In data sabato 19 novembre, Deborah Maurini, ex studentessa del Liceo Balbo ed ora laureata in Lettere presso l’Università di Torino, con la collaborazione della docente di Italiano Silvia Oppezzo, ha tenuto una Lectio Magistralis insieme alla 5A Linguistico su Iginio Ugo Tarchetti.



Considerato uno dei massimi esponenti della Scapigliatura, Tarchetti nacque il 21 giugno 1839 a San Salvatore Monferrato, cittadina gretta, chiusa e pertanto incapace di accettare il profilo così eccentrico di cui lo scrittore era dotato. 

Animo forse un po’ troppo sensibile, era reputato diverso dalla società: ne prenderà quindi le distanze per appassionarsi al genere fantasy, ancora assente in Italia ma diffuso nelle letterature straniere del Romanticismo.

Dopo l’Unità d'Italia Tarchetti si sentiva tradito, e le innumerevoli promesse non mantenute gli fecero trovare rifugio nella letteratura fantastica che avrà il merito di introdurre in Italia.
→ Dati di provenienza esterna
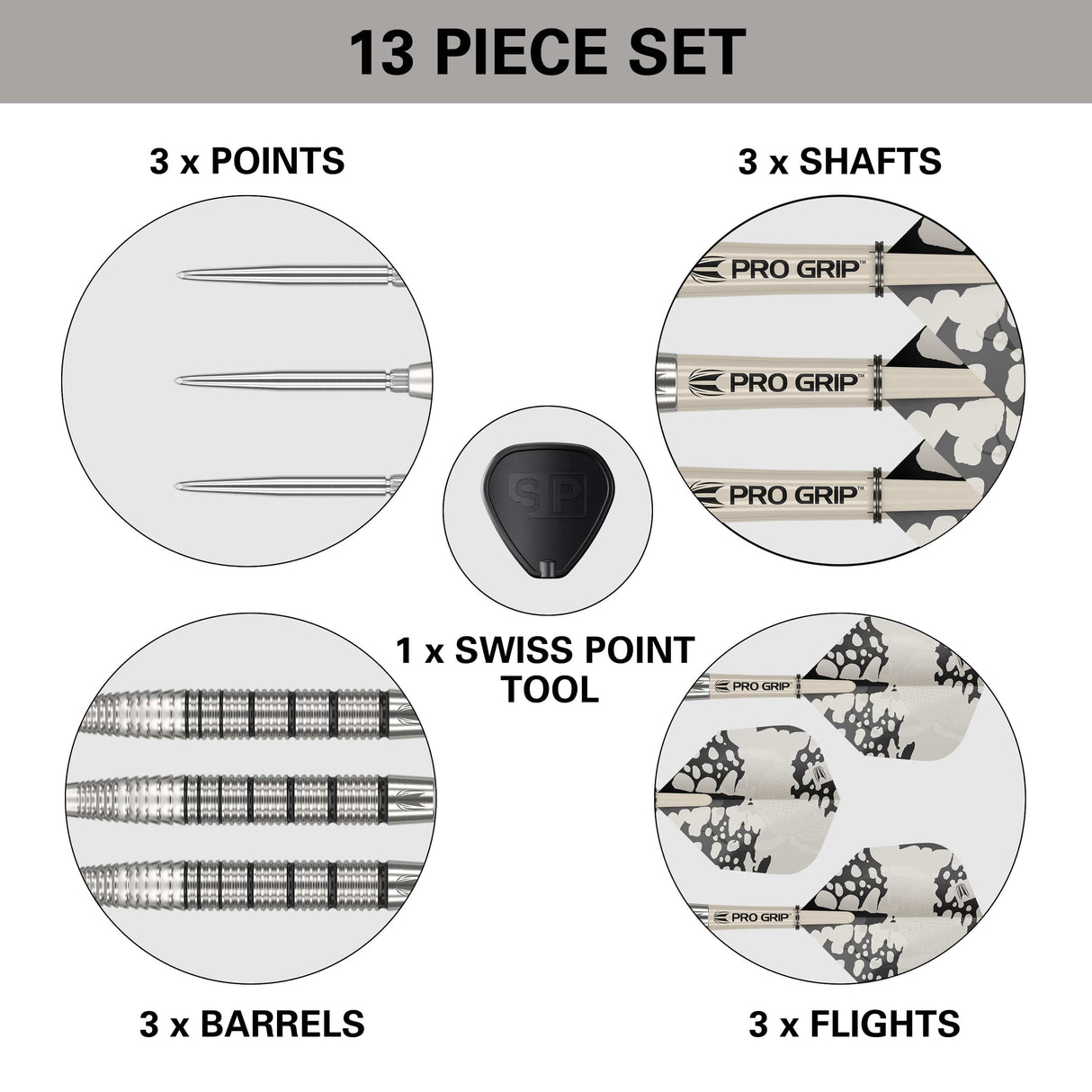 Target Exo Darts - Steel Tip - 90% Tungsten - 02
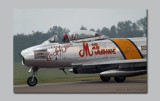 Maj. John Glenns F-86F Sabre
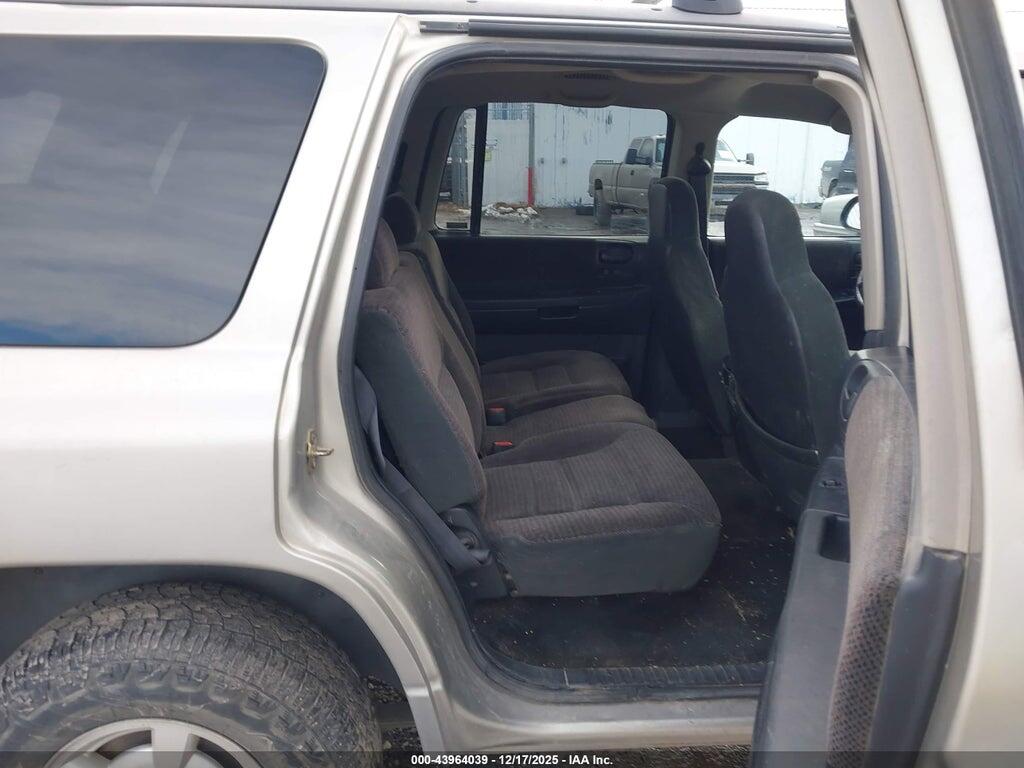 1B4HS28Z11F523986 2001 DODGE DURANGO photo no. 8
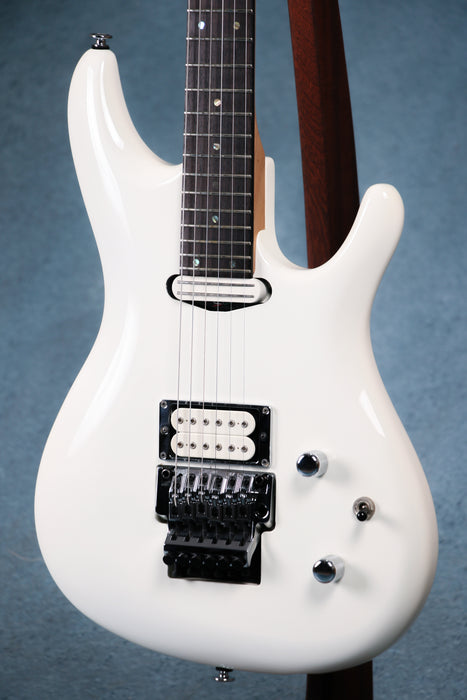 Ibanez Joe Satriani JS2400 Signature Electric Guitar w/Case - White - Preowned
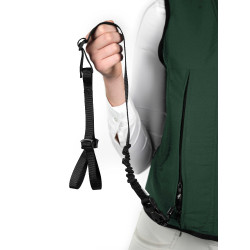 Airbagvest Spark Manege Bosgroen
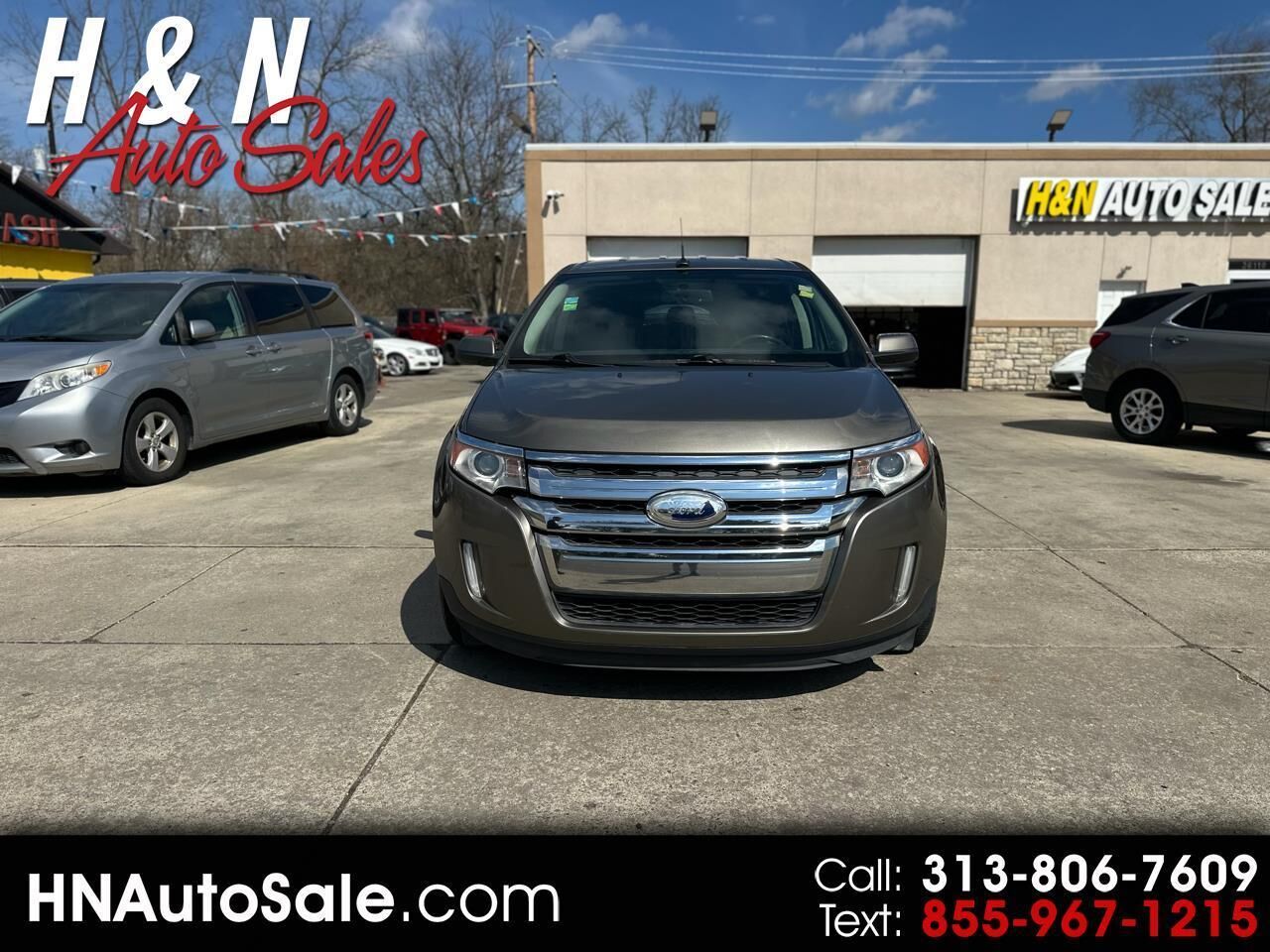 2013 FORD Edge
Realizzò alcune rivisitazioni di opere delle letterature straniere, ma scrisse anche opere originali pubblicate tra i 25 e 29 anni. 

Incontrò molte difficoltà nella sua vita fino al punto di sentirsi non solo incompreso ma anche diverso e in completa balia di amore e affetti non appagati.

Colmerà questa mancanza ricongiungendosi con la morte: trascorreva la maggior parte del tempo nei cimiteri, ossessionato dal macabro, e per questa sua strana abitudine verrà etichettato dalla società come misantropo. 

Rifiutò di arruolarsi nell’esercito ma svolse un anno di servizio, che gli fornì l’opportunità di incontrare l’unico amore della sua vita: Angelina, sorella del suo superiore, dalla quale fu costretto a separarsi a causa dello scandalo che ne scaturì.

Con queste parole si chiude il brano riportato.